Read TaxNewsFlash-Americas

Asia Pacific

  • China: Concerning retail goods purchased and imported by means of cross-border e-commerce, two circulars were issued by the authorities to address the appropriate tax policy for such business-to-customer or “B2C” imports of retail goods. The new measures are effective 8 April 2016.
  • Indonesia: A corporate governance guideline requires public companies to disclose their adherence to the guidelines (or to explain reasons for non-compliance) beginning with their 31 December 2016 annual reports.
  • Vietnam: The National Assembly approved tax law amendments that affect the VAT, special consumption tax, and tax administration laws. 
  • China: The standards to be used in completing and filling in China’s customs declaration forms have been revised. The changes include adjustments to certain descriptions of declaration form items, an increase to the number of line items that can be included in a form (increased from 20 items to 50 items), and new terms and declaration standards.

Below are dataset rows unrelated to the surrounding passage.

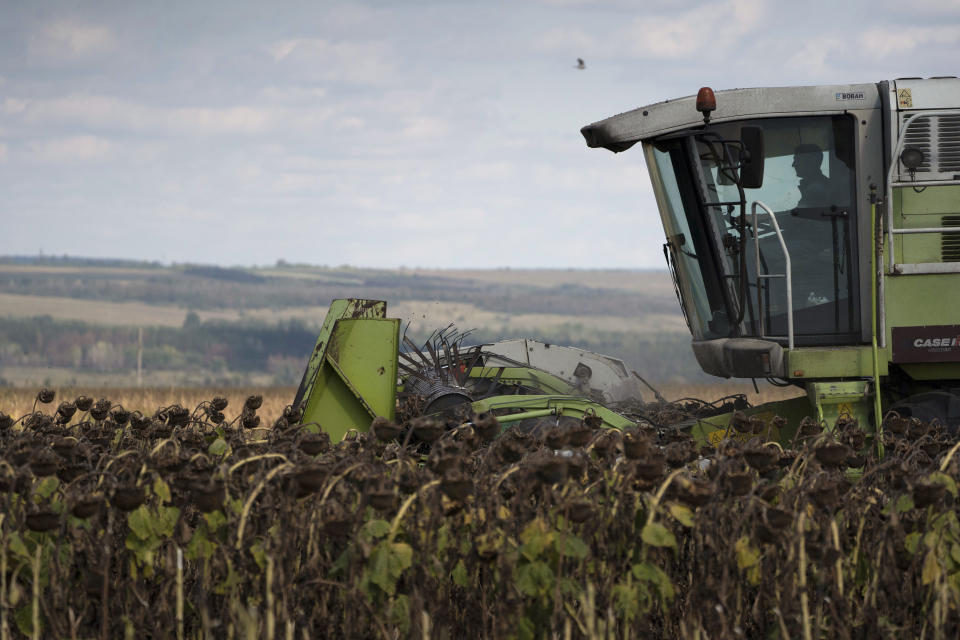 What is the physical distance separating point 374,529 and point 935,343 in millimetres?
4287

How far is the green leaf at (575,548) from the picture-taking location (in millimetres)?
3205

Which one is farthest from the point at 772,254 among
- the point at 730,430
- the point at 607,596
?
the point at 607,596

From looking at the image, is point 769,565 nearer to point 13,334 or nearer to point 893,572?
point 893,572

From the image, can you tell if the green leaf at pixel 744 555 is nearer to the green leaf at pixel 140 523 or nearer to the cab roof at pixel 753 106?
the green leaf at pixel 140 523

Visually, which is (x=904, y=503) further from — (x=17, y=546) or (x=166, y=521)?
(x=17, y=546)

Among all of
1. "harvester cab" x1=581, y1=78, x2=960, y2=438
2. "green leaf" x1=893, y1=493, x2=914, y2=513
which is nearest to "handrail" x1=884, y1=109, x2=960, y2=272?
"harvester cab" x1=581, y1=78, x2=960, y2=438

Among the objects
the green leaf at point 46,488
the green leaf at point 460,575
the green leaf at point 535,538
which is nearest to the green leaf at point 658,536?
the green leaf at point 535,538

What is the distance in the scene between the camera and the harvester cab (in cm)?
630

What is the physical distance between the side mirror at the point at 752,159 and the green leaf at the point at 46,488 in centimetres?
391

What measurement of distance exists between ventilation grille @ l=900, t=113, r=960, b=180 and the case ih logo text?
3.16ft

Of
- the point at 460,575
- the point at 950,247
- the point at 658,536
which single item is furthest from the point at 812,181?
the point at 460,575

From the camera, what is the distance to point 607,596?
3.35m

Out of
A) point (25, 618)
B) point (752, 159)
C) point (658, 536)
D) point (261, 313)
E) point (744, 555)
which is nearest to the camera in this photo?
point (658, 536)

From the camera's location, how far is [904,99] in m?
6.39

Read TaxNewsFlash-Asia Pacific


  • OECD: The Organisation for Economic Cooperation and Development (OECD) released comments received with respect to a discussion draft of proposed changes to the rules concerning the treaty residence of pension funds.
  • Canada: Country-by-country reporting will be required for tax years beginning after 2015, with the first automatic exchanges of information between governments slated to begin by June 2018. Parent companies of large multinational corporate groups need to consider developing their strategy to meet the new country-by-country reporting requirements in 2016.
  • UK: HM Treasury made a number of announcements related to the OECD’s base erosion and profit shifting (BEPS) project in the 2016 budget, and the UK government’s “business tax roadmap” setting out priorities for major business taxes to 2020 was also released. There are new measures relating to BEPS Action 2 (hybrid mismatches), Action 4 (interest deductibility), Action 6 (royalty withholding tax) and Actions 8-10 (transfer pricing).


Read TaxNewsFlash-BEPS


  • EU: The European Commission (EC) presented an “action plan” for changes to the VAT system that aims to modernize the current EU VAT rules by providing for certain action steps.
  • EU: The EC published draft guidance on the interpretation of the new customs valuation provisions addressing: (1) the “last sale for import” concept; (2) transactions in a bonded facility; and (3) customs duty on royalties.
  • Gibraltar: All companies registered in Gibraltar—that is, those registered with Companies House—must file a tax return. Under prior rules, only those companies with income assessable under Gibraltar income tax law were required to file a return.
  • Italy: Tax professionals have filed a complaint with the EC asserting that the Italian controlled foreign company (CFC) regime—in particular, provisions applicable to CFCs that are not located in “black list” countries—is contrary to standards under the EU Treaty.
  • EU: Under a new trade agreement—expected to enter into force 1 July 2016—consumer and professional electronic products currently subject to customs duties upon import into the EU and other jurisdictions will no longer be subject to import duties.


Read TaxNewsFlash-Europe


  • Luxembourg: The tax authorities published a revised version of guidelines (originally published in July 2015) concerning the file format for the purpose of FATCA reporting. The new guidelines provide rules for reporting account balances. Also, a decree was published providing the list of “excluded accounts” under the common reporting standard (CRS) regime.
  • Switzerland: The Swiss Federal Administrative Court allowed a Dutch taxpayer’s “appeal” in a matter concerning a request from the Dutch tax authorities for information about customers of a Swiss bank. The Swiss court rejected the administrative assistance request in this matter because the Dutch tax authorities did not name the customers of the Swiss bank in the request, and under treaty provisions, the persons must be named.


Read TaxNewsFlash-FATCA / IGA / CRS


  • South Africa: Voluntary disclosure often involves two processes: (1) the voluntary disclosure process related to tax defaults, and administered by the South African Revenue Service; and (2) the regularization of external control conventions, as administered by the South African Reserve Bank’s Financial Surveillance Department.